» **WHAT THE TASK REQUIRES**: Scan the records beneath this line for the line holding "A Car Is On Fire In The Dark GIF" and the line holding "A dimly lit", then transcribe exactly those two and all lines between.

» **INPUT**:
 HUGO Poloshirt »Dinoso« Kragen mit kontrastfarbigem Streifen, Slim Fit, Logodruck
* * *
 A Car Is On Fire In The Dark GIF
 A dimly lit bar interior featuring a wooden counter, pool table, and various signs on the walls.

» **SOLVED EXERCISE**:
 A Car Is On Fire In The Dark GIF
 A dimly lit bar interior featuring a wooden counter, pool table, and various signs on the walls.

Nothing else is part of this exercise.